◆ What you are asked to do ◆
Copy nothing but the lines below running from the line containing "Calgary, AB T3N0R1,368 Redstone DR NE" through the line containing "Elegant Villa Casabianca", both end lines included.
### Data for the task ###
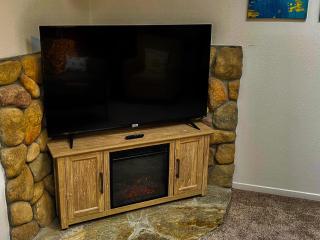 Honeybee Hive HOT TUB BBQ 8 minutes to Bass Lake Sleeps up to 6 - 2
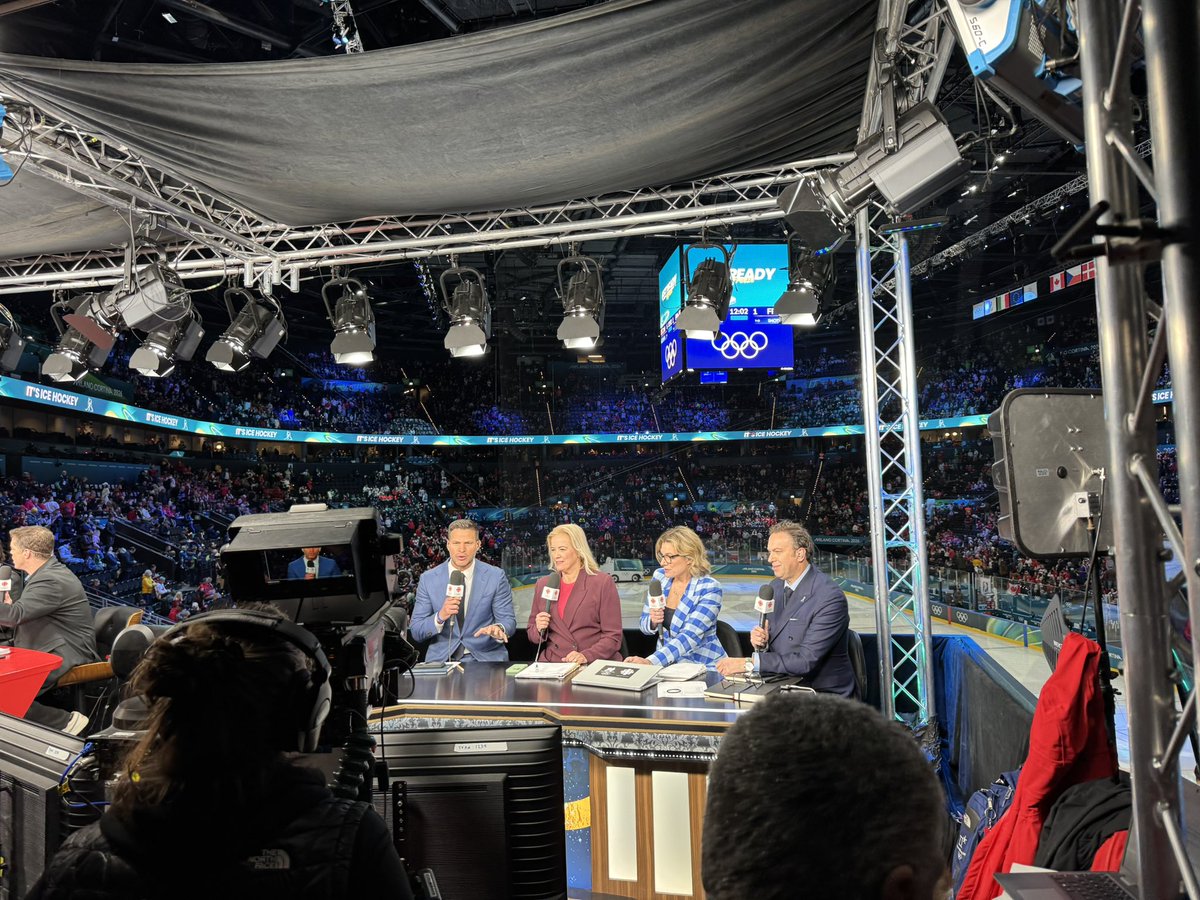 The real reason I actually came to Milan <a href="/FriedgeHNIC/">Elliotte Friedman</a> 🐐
###
### Data for the task ###
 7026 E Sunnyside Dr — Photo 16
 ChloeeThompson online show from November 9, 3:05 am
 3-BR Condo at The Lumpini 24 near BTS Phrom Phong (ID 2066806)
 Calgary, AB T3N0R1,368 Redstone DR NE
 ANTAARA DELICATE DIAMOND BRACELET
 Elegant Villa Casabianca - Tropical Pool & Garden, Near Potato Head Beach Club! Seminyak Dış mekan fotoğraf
###
◆ Output of the exercise ◆
 Calgary, AB T3N0R1,368 Redstone DR NE
 ANTAARA DELICATE DIAMOND BRACELET
 Elegant Villa Casabianca - Tropical Pool & Garden, Near Potato Head Beach Club! Seminyak Dış mekan fotoğraf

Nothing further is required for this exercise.